VALÈNCIA. En esa batalla perdida por la atención de las masas con el cine, las plataformas de video on demand tienen el Halloween ganado esta temporada en España. Si El secreto de Marrowbone era el disparador para la venta de tickets y palomitas, la apuesta va a ser fallida. No porque la película lo sea, sino porque su estilo clásico –de cuento clásico de terror, y también algo de cine clásico–, la extensión del metraje en su premisa y su impronta visual no la van a hacer relucir como el fenómeno comercial con el que parece haber sido construido. Y eso pese a que en los ojos de Sergio G. Sánchez hay muchísimo cine. Algo que se puede dar por supuesto con su trabajo como guionista para J.A. Bayona en El orfanato (2007) o Lo imposible (2012), pero que no rebaja la altura de su guión esta vez escribiendo para sí mismo.
Cuatro hermanos tratan de sobreponerse a la muerte de su madre en una familia que guarda un pasado terrible. Para evitar que les separen, aguardan encerrados en un aislado caseron a la espera de que el primogénito Jack cumpla 21 años. Su legado les ha hecho abandonar Inglaterra para destapar este cuento de terror sureño con tendencias a Henry James. En la evolución de sus conflictos el espectador intuirá el shyamalanazo que le espera, pero entre tanto 'disfrutará' de una apuesta por los paisajes (Xavi Giménez) y un acompañamiento musical (Fernando Velázquez) que tintan todo el film de un aire viejo. Una película excesivamente clásica –no en su mejor acepción–, que regatea como puede esa marca para encontrar su propia identidad en algunos giros de guión. En este caso el tándem Bayona-Sánchez (el primero es productor del film) funciona una vez más en las materias formales, pero apenas desprende la magia de una película con una identidad propia, personajes memorables y ni mucho menos un punto de vista extraño que la convierta en una cinta singular a la que volver alguna vez.
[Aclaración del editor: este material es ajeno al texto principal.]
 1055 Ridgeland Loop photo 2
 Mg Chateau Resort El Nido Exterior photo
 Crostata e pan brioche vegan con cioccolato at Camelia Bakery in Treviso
Anya Taylor Joy y George MacKay son dos protagonistas solventes. En esta historia de viajes temporales, en los que la familia, la infancia y la adolescencia aprovisionan al espectador de cierta ingenuidad para aceptar los sucesos –quizá– sobrenaturales, los dos jovencísimos actores (21 y 25 años) se las arreglan para sostener un texto dramático. Más dramático que de terror, porque si Sánchez se hubiera ahorrado cuatro imágenes excesivamente anunciadas por el silencio y la posición de la cámara –poco miedo, la verdad–, estaríamos hablando de un drama más que clásico.
La película sobrevuela una temática interesante: las identidades de la muerte. La interpretación que hacen los personajes tanto de sus sucesos trágicos como de la muerte son un filón poco aprovechado por Sánchez que, al final del film, parece abrir ese ventanal para un giro que muestra una película mucho más autoral de la que el espectador ha estado viendo hasta ese minuto. De repente, el drama se hace presente, pero sólo como parte del giro final. El espectador puede tener la sensación entonces de oportunidad desaprovechada a partir de un texto inteligente, como todos los que ha firmado su autor hasta la fecha. En este caso, con el amargo sabor de imaginar que una vez más las apuestas por parte de la inversión del duopolio del audiovisual en España –en este caso, Mediaset– sirven para enarbolar productos seguros.
En la eterna conversación sobre la industria de este arte, en este caso la seguridad la apuestan la producción de Bayona y la anchísima visión del cine de Sánchez. Nada en la película escasea, pero nada está tan lleno de magia como sus proyectos de guión ya citados. Estructuralmente potenciada como una película de terror, rodada con la máxima ambición de contar con actores estadounidenses en su país, el film posiblemente cuente con el margen suficiente como para recuperar la aventura económica. A estas alturas parece más que obvio que un equipo de producción artística español puede realizar una obra que conviva en la cartelera yanki como si de cualquier otro lanzamiento se tratara.
Cuando uno mira los hitos del cine español que han logrado rascar algo más que venta de entradas –es decir, atención e interés–, todos tienen rasgos extraños, propios, únicos, espacios característicos y una visión que no sea precisamente la de un cine clásico (por no insistir en lo de viejo) ideado hace mucho tiempo, demasiado lejos, demasiado conocido.